Not a damn thing, unless your daughter wants you to.

Word. This is one of those unpleasant situations where the decision comes down to which is more important: the person or the relationship with the person. I would probably talk to the boy’s parents first on the off chance that they are more involved with their son’s life than the girl’s parents are in hers. The possibility of their son paying eighteen years of child support in the near future may move them into more aggressive action than anything else. I would talk to Vicky also and suggest some counseling for her self-esteem issues. Vicky will probably hate fisha for a while. Though it’s possible ten years from now she will be thanking fisha. Fisha’s daughter will probably hate her for awhile also, but if not for this, it would have been something else. Speaking as a former teenager, we all hate our parents at some point only sometimes it’s not justified. The boy will definitely consider fisha the Great Witch of the Universe, but I wouldn’t be concerned about his opinion. Basically unless one of these teenagers is sterile, it’s a no win situation. I would take the path that would leave me with the easiest conscience.

Those poor kids. I think it’s wonderful that your daughter confides in you, but if you told Vicky’s parents you’d damage that relationship with your daughter at the very least. Would she be able to trust you again? It would be different if Vicky were 13, but she’s almost to the age of being a legal adult. Her parents were the ones who created her insecurity in the first place and telling them would give them a chance to damage it further.

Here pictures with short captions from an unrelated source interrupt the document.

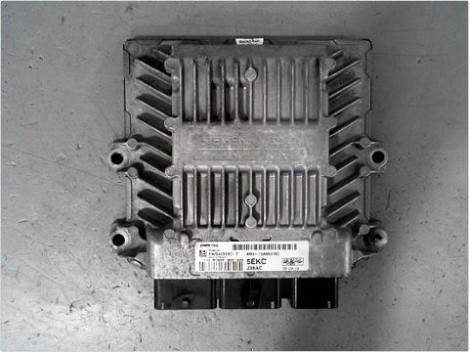 CALCULATEUR MOTEUR FORD FOCUS C-MAX 03-07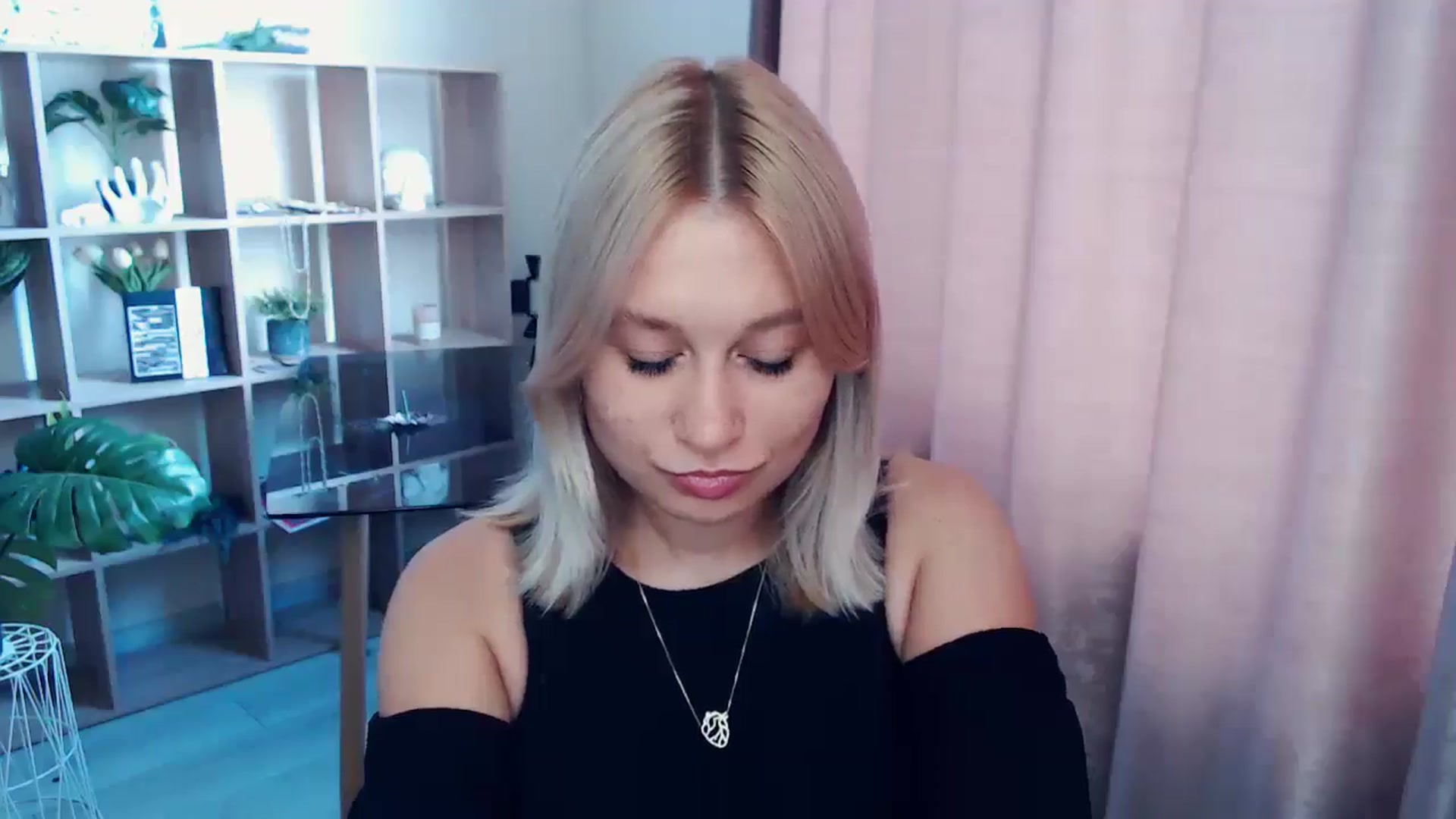 Gallery image thumbnail from Kukla_kolduna's myfreecams stream on, 07/31/2025, 15:25 image 13 of 20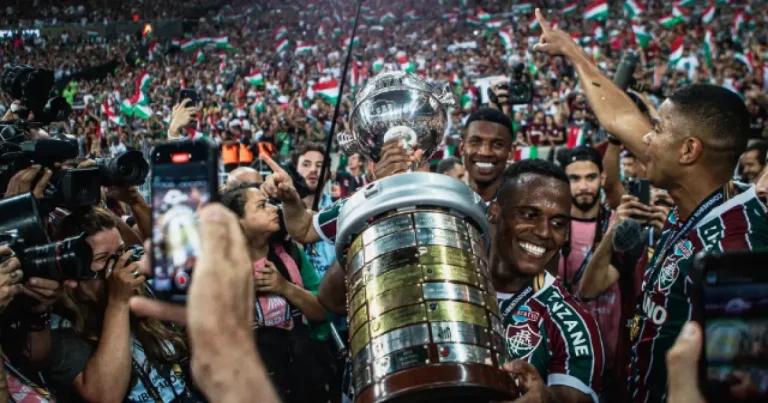 Colombiano Jhon Arias aceita receber menos para realizar sonho de atuar no futebol inglês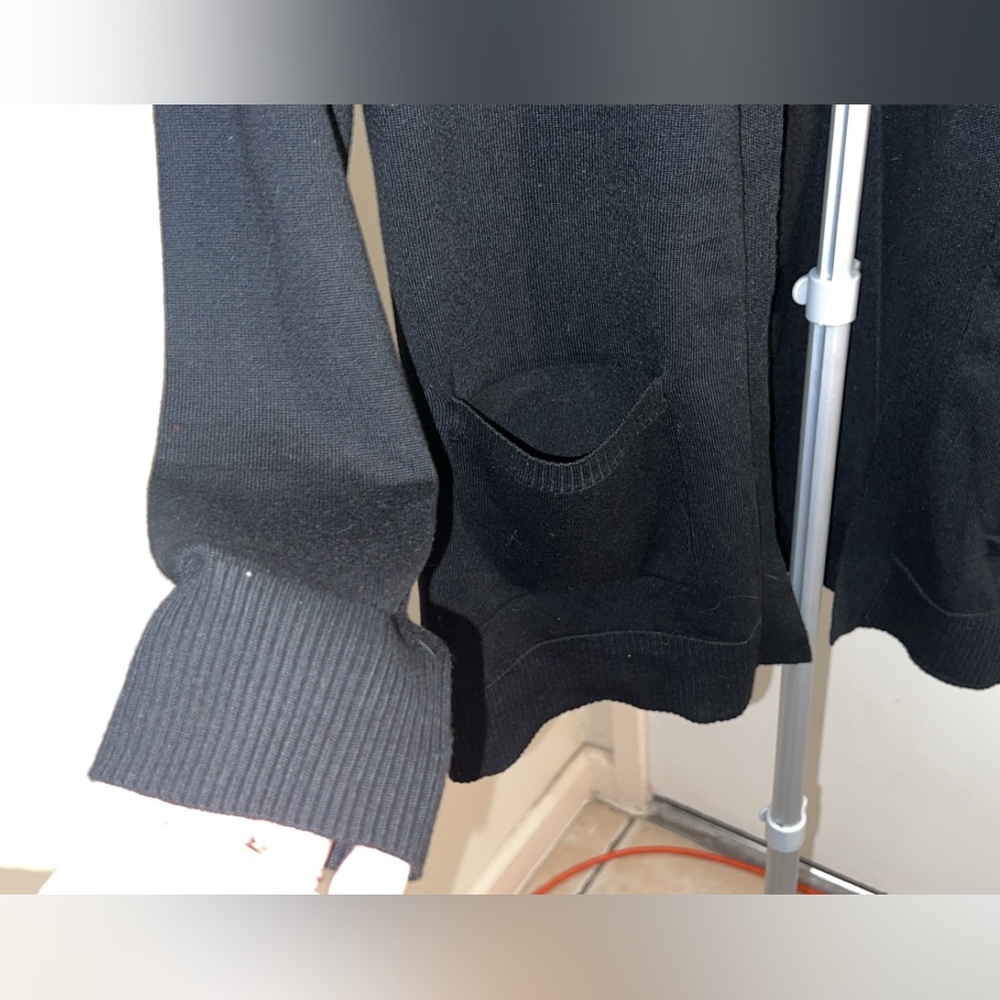 Black Cardigan with pockets - Picture 5 of 10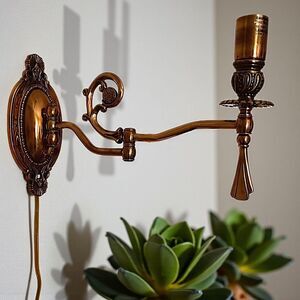 Solid Brass Ornate Wall Lamp Swing Arm Reading Nook Victorian Style Quoizel NEW.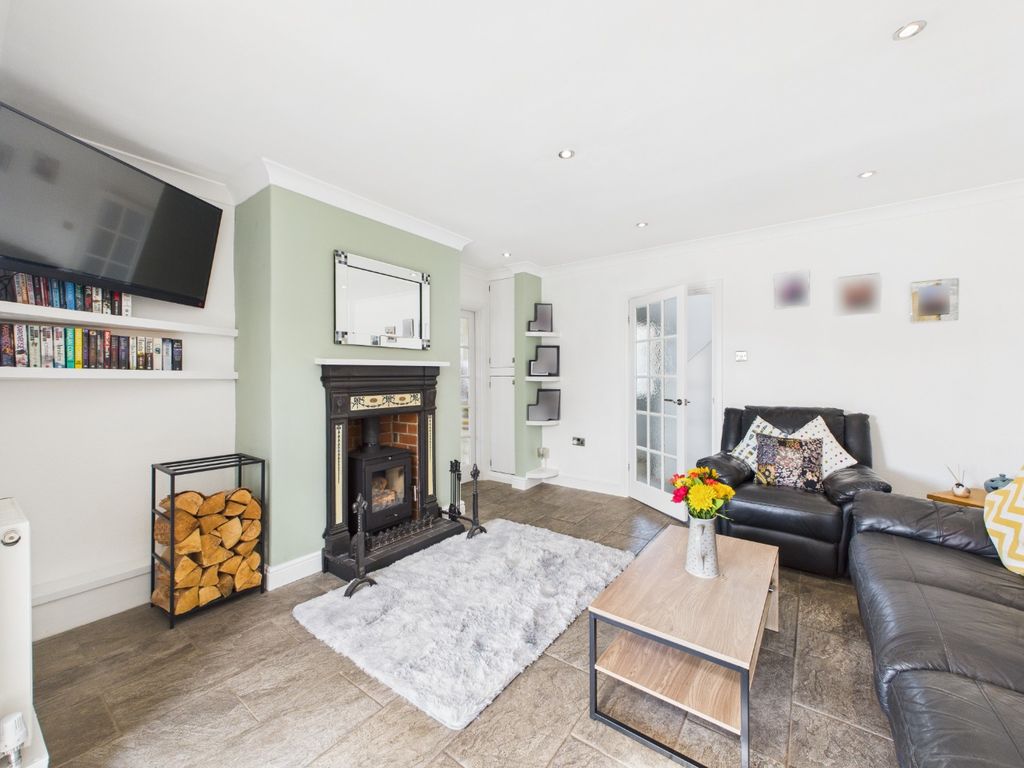 Property photo 3 of 29 4435517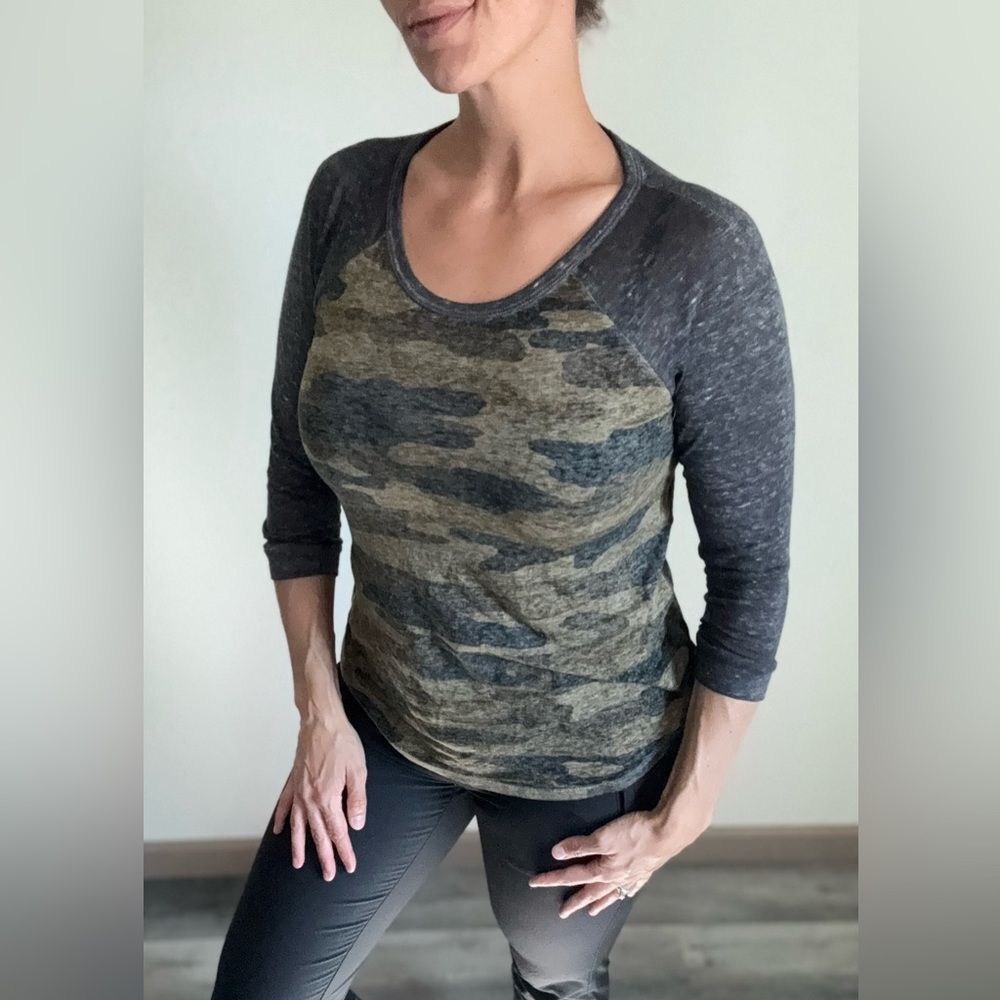 Lucky Brand Camo Burnout Baseball Tee Small Stretchy Olive Gray
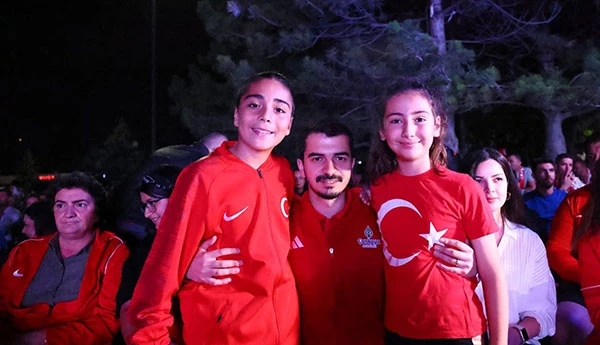 Başkan Güner Çeyrek Final Maçını Çankayalılarla İzledi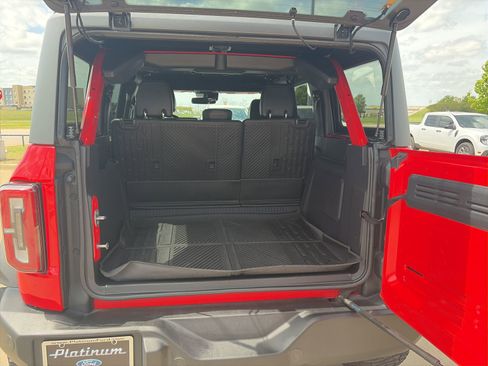 Used 2022 Ford Bronco Wildtrak image 26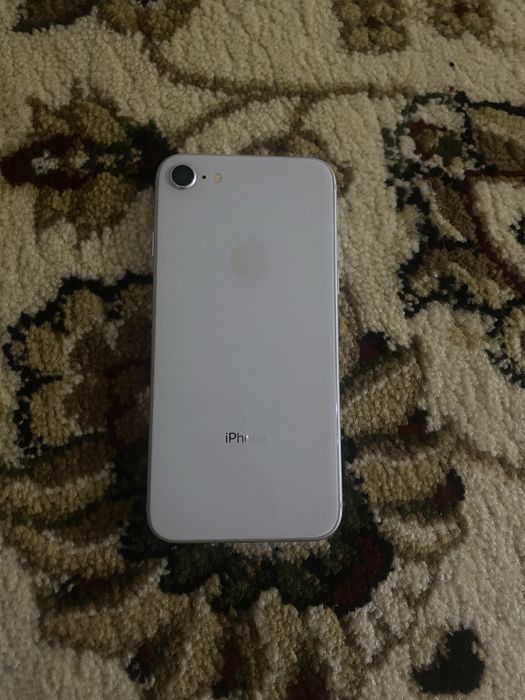 Iphone 8 белый цвет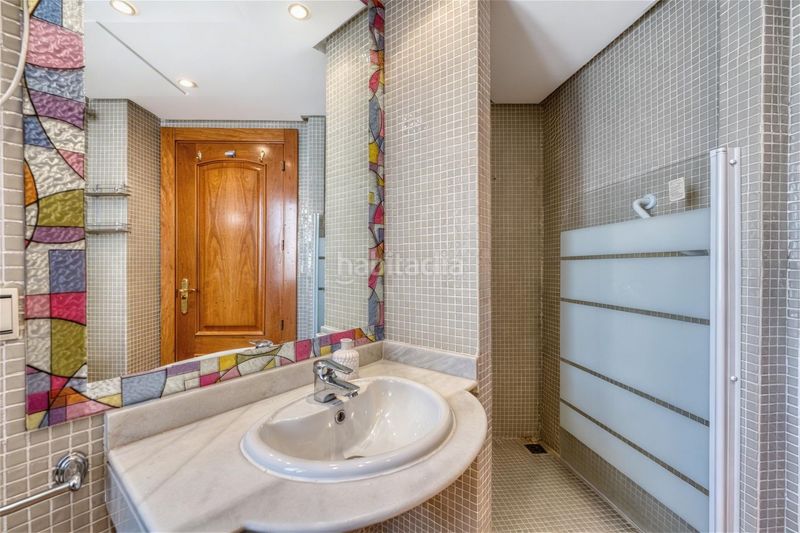 Foto 4bb46eef-f680-45d6-a8a7-a20bbdc02f77. Casa adossada amb calefacció piscina a Costabella Marbella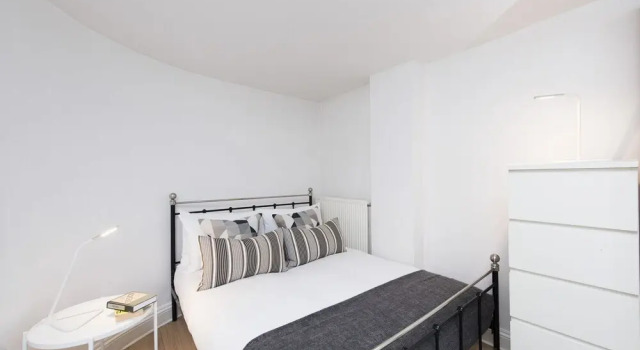 Stunning 1BR Kings Cross Flat!, Забронировать Отель Отели Англии 3 звезды, 3*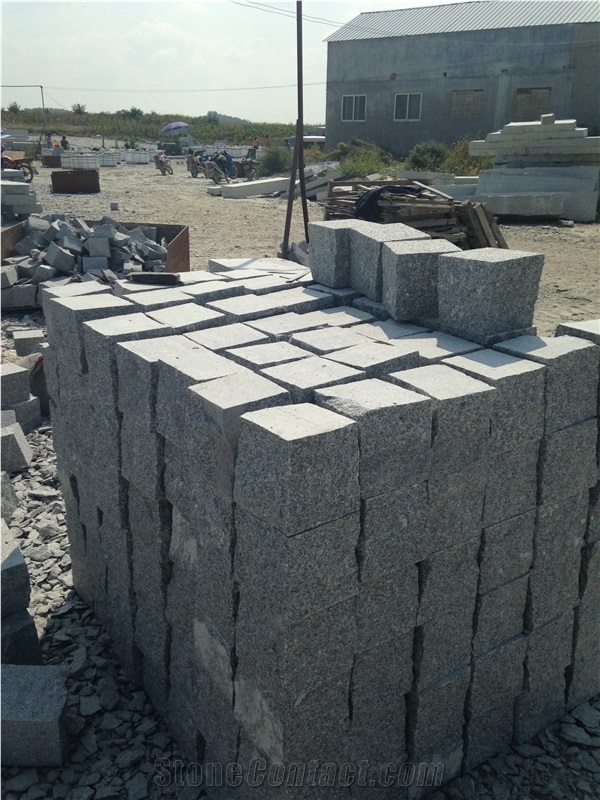 G341 Light Grey Granite Cubes Setts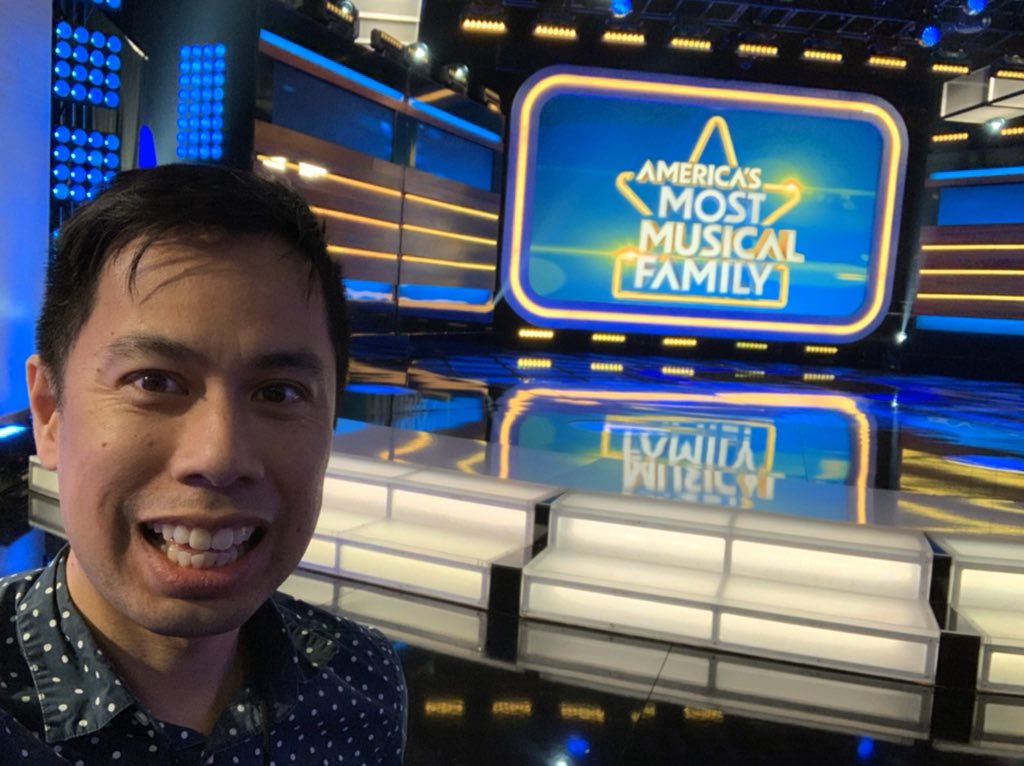 mandelweb's tweet image. So excited for TONIGHT’s triple treat of new gifts from our unscripted team at #Nickelodeon starting at 7p w/ America’s Most Musical Family, followed by the debut of #TopElf at 8p, and the start of our holiday #DoubleDare tourney at 9p.  Enjoy!!  #AMMF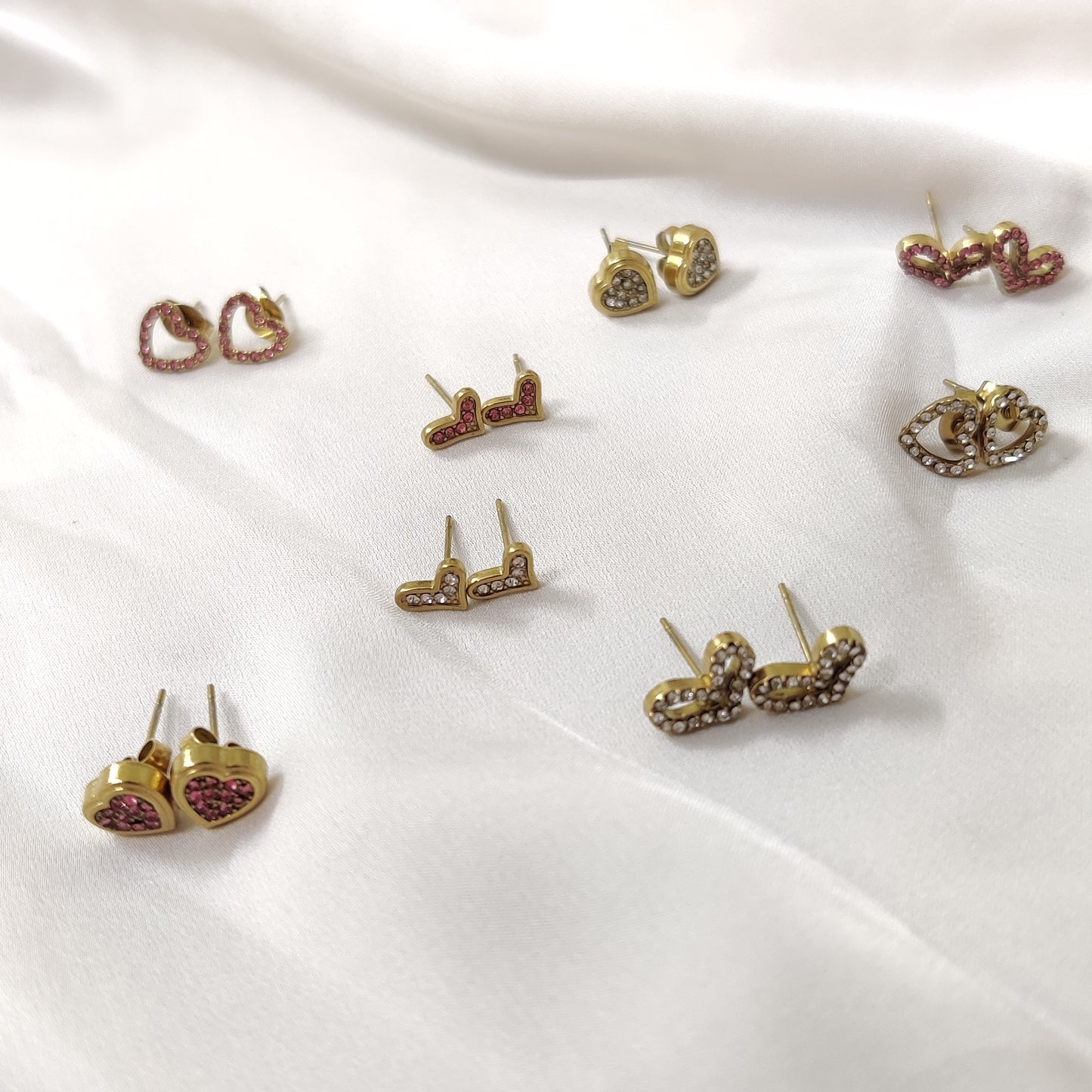 Kit Earrings- White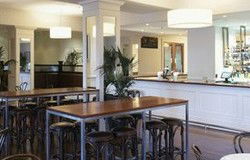 Players Bar - Accommodation QLD 2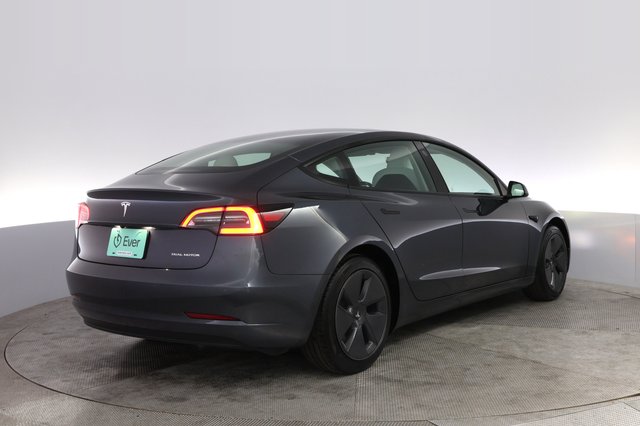 2022 Tesla Model 3 — photo 2 of 21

I don’t see any good coming of it at all and could make things much worse for Vicky.

Hopefully the pregnancy scare was a wake-up call for her to at least be responsible about protection.

I think the only things you can do are advise your daughter and make sure Vicky knows she can talk to you.

I agree with the consensus - stay out of this.

Here’s one possible consequence: what if the girl is 17 and the boy is 18? One word in the wrong place and the boy is serving hard time for statutory rape - and might end up on a “sexual offenders list” for life, if that state has this sort of thing.